There fixed that for ya 

Carl


----------



## Cprail43 (Jan 1, 2013)

My layout era is the 2006-2008 range. Since I will be modeling CP and CN in a fictional part of Alberta, I wanted a year where a better variety of locomotives are available. I also wanted that era for the other potential roads my layout will have, including UP, and BNSF.


----------



## icolectto (Nov 28, 2012)

*What year is your layout?*

The years of 1940's and 1950's.


----------



## Crofinger (Nov 22, 2013)

cole226 said:


> be kinda neat to have a pre WWII town on one end of layout, and modern today version of the same town on other end of layout.
> progress or abandonment???
> expansion or ruins? get what i'm going for here?:dunno:


So many possibilities.


----------



## Crofinger (Nov 22, 2013)

Kwikster said:


> There fixed that for ya
> 
> Carl


You just gave me a great idea. I live in St. Paul Minnesota. The twin cities have a rich history along the Mississippi river during prohibition. There are countless caves and tunnels in cliffs along the Mississippi where the mafia used to move and store liquor. Now i have a plan for my top layout. 
Thanks man.


----------



## Big Ed (Jun 16, 2009)

1850ish to 2013.  USA!


----------



## norgale (Apr 4, 2011)

Ed that pretty much covers all of railroading history. When will you start this super layout? It ought to take up about a half an acre or so. Ha!  Pete


----------



## shaygetz (Sep 23, 2007)

I dunno, but when Tony Koester of Model Railroader magazine described one similar to mine as "confusing", I took it as a compliment. The last thing I want a rivet counter to associate with my work is comfortable...:thumbsup::cheeky4:


----------



## Big Ed (Jun 16, 2009)

norgale said:


> Ed that pretty much covers all of railroading history. When will you start this super layout? It ought to take up about a half an acre or so. Ha! Pete


That is what it means Pete, I mix all kinds of trains together.
I don't think about the Era, I don't care, I buy what I like and run them all together.

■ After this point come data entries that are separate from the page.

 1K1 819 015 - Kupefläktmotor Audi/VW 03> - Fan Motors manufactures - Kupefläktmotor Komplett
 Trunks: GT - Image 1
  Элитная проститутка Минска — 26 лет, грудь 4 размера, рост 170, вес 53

Right now I am keeping my eyes opened for one of the John Bull sets in O gauge.
You will see it (if I get one) running along side of diesels. :thumbsup:

That certain time Era for a layout never appealed to me. :smokin:

It is my RR!


----------



## norgale (Apr 4, 2011)

Tony Koester would not approve at all. Talk about a rivet counter. Ha! Pete


----------



## rogruth (Mar 6, 2012)

Mr.Koester probably doesn't approve of any 3rail O stuff except the so-called 3rail scale with 180" radius curves.In an earlier post I stated that my layout is operated most like BigEds.That is why,IMHO,3railers have more enjoyment from their layouts.It took me 9 years to build my "almost" done layout so I can play with it.I have a friend that is building an HO layout that is now into his 17th year.He can "run" it but not "operate" it the way he wants.


----------



## mnp13 (Aug 22, 2013)

Tonight, myself and a four year old and a ten year old operated my trains. Two loops, a log loader and a milk car. Round and 'round and 'round they go! I'm not interested in time period or scale or "function" I just like playing with my trains. 

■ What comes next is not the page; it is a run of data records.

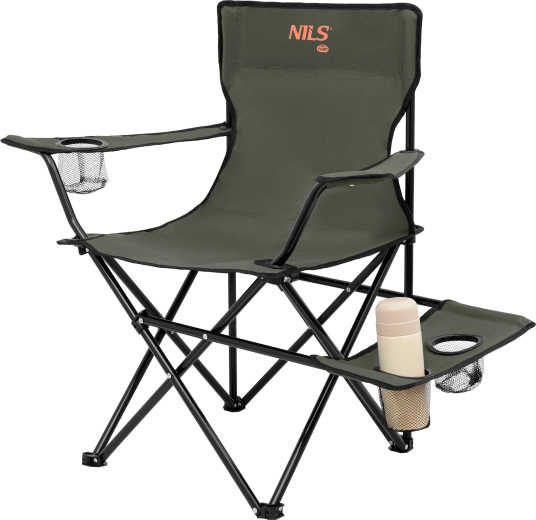 Bočni stolić i tri držača za piće pri ruci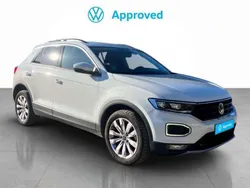 Blanco Usado 2021 VW T-Roc Advance SUV | 23.700 € (Precio justo)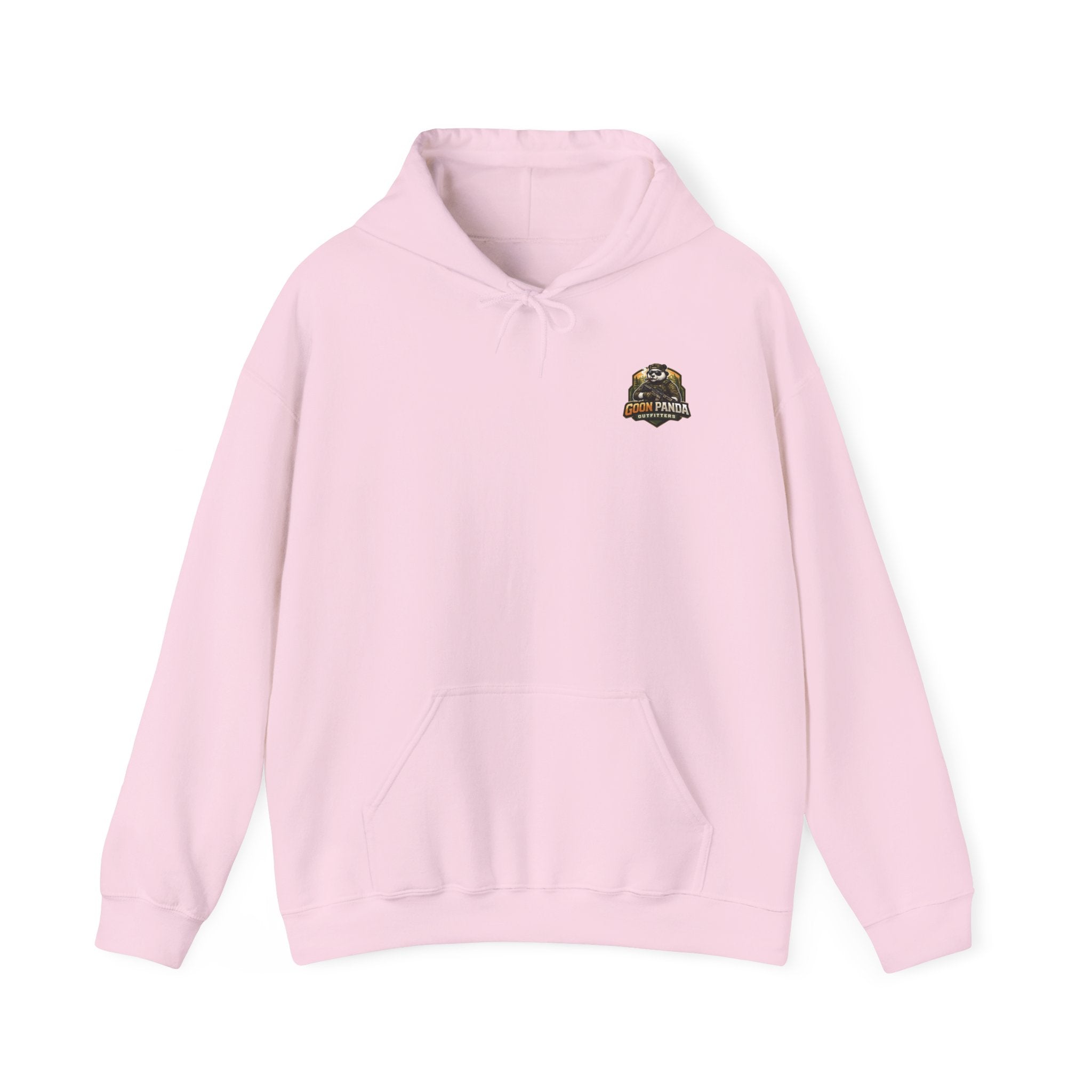 Panda Graphic Hooded Sweatshirt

My cameras have paid for themselves, but since this never will, I just have fun.


----------



## Big Ed (Jun 16, 2009)

mnp13 said:


> Tonight, myself and a four year old and a ten year old operated my trains. Two loops, a log loader and a milk car. Round and 'round and 'round they go! I'm not interested in time period or scale or "function" I just like playing with my trains.
> 
> My cameras have paid for themselves, but since this never will, I just have fun.


If you charge the kids to play with them it might.


----------



## rogruth (Mar 6, 2012)

mnp13 said:


> Tonight, myself and a four year old and a ten year old operated my trains. Two loops, a log loader and a milk car. Round and 'round and 'round they go! I'm not interested in time period or scale or "function" I just like playing with my trains.
> 
> My cameras have paid for themselves, but since this never will, I just have fun.


This is the attitude I would hope to see from every model railroader,having fun.


----------



## norgale (Apr 4, 2011)

It's not my job to run the train,
or even ring the bell.
But let the damned thing jump the track,
and see who catches hell.
Ode to the Conductor by unknown.


----------